The sampling variance of bagged learners is:

${\displaystyle V(x)=Var[{\hat {\theta }}^{\infty }(x)]}$

Jackknife estimates can be considered to eliminate the bootstrap effects. The jackknife variance estimator is defined as:^[1]

${\displaystyle {\hat {V}}_{j}={\frac {n-1}{n}}\sum _{i=1}^{n}({\hat {\theta }}_{(-i)}-{\overline {\theta }})^{2}}$

In some classification problems, when random forest is used to fit models, jackknife estimated variance is defined as:

${\displaystyle {\hat {V}}_{j}={\frac {n-1}{n}}\sum _{i=1}^{n}({\overline {t}}_{(-i)}^{\star }(x)-{\overline {t}}^{\star }(x))^{2}}$

Here, ${\displaystyle t^{\star }}$denotes a decision tree after training, ${\displaystyle t_{(-i)}^{\star }}$ denotes the result based on samples without ${\displaystyle ith}$ observation.

E-mail spam problem is a common classification problem, in this problem, 57 features are used to classify spam e-mail and non-spam e-mail. Applying IJ-U variance formula to evaluate the accuracy of models with m=15,19 and 57. The results shows in paper( Confidence Intervals for Random Forests: The jackknife and the Infinitesimal Jackknife ) that m = 57 random forest appears to be quite unstable, while predictions made by m=5 random forest appear to be quite stable, this results is corresponding to the evaluation made by error percentage, in which the accuracy of model with m=5 is high and m=57 is low.

Here, accuracy is measured by error rate, which is defined as:

${\displaystyle ErrorRate={\frac {1}{N}}\sum _{i=1}^{N}\sum _{j=1}^{M}y_{ij},}$

Here N is also the number of samples, M is the number of classes, ${\displaystyle y_{ij}}$ is the indicator function which equals 1 when ${\displaystyle ith}$ observation is in class j, equals 0 when in other classes. No probability is considered here. There is another method which is similar to error rate to measure accuracy:

${\displaystyle logloss={\frac {1}{N}}\sum _{i=1}^{N}\sum _{j=1}^{M}y_{ij}log(p_{ij})}$

Here N is the number of samples, M is the number of classes, ${\displaystyle y_{ij}}$ is the indicator function which equals 1 when ${\displaystyle ith}$ observation is in class j, equals 0 when in other classes. ${\displaystyle p_{ij}}$ is the predicted probability of ${\displaystyle ith}$ observation in class ${\displaystyle j}$.This method is used in Kaggle^[2] These two methods are very similar.
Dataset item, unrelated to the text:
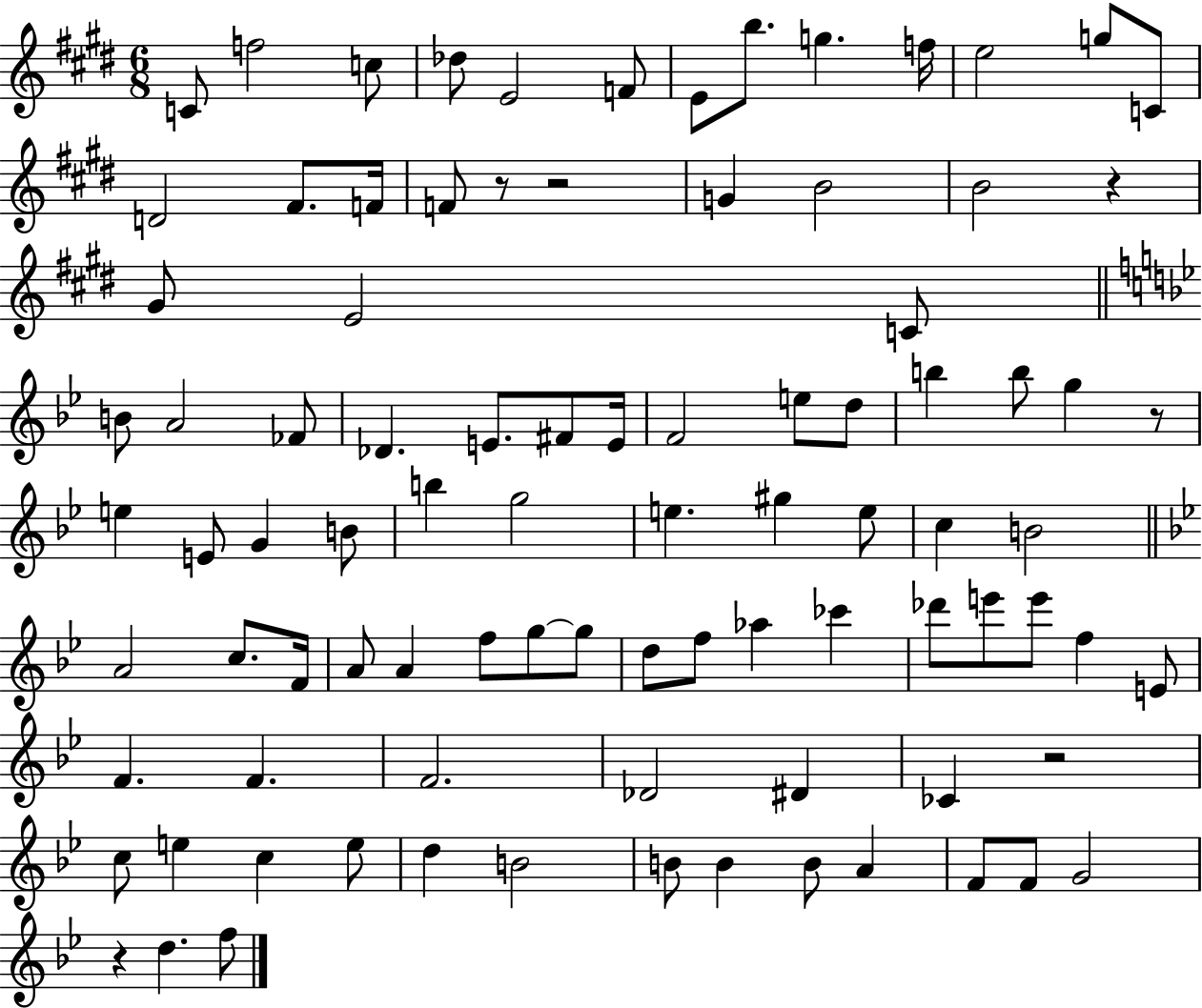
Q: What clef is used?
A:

When using Monte Carlo MSEs for estimating ${\displaystyle V_{IJ}^{\infty }}$ and ${\displaystyle V_{J}^{\infty }}$, a problem about the Monte Carlo bias should be considered, especially when n is large, the bias is getting large:

${\displaystyle E[{\hat {V}}_{IJ}^{B}]-{\hat {V}}_{IJ}^{\infty }\approx {\frac {n\sum _{b=1}^{B}(t_{b}^{\star }-{\bar {t}}^{\star })^{2}}{B}}}$

To eliminate this influence, bias-corrected modifications are suggested:

${\displaystyle {\hat {V}}_{IJ-U}^{B}={\hat {V}}_{IJ}^{B}-{\frac {n\sum _{b=1}^{B}(t_{b}^{\star }-{\bar {t}}^{\star })^{2}}{B}}}$

${\displaystyle {\hat {V}}_{J-U}^{B}={\hat {V}}_{J}^{B}-(e-1){\frac {n\sum _{b=1}^{B}(t_{b}^{\star }-{\bar {t}}^{\star })^{2}}{B}}}$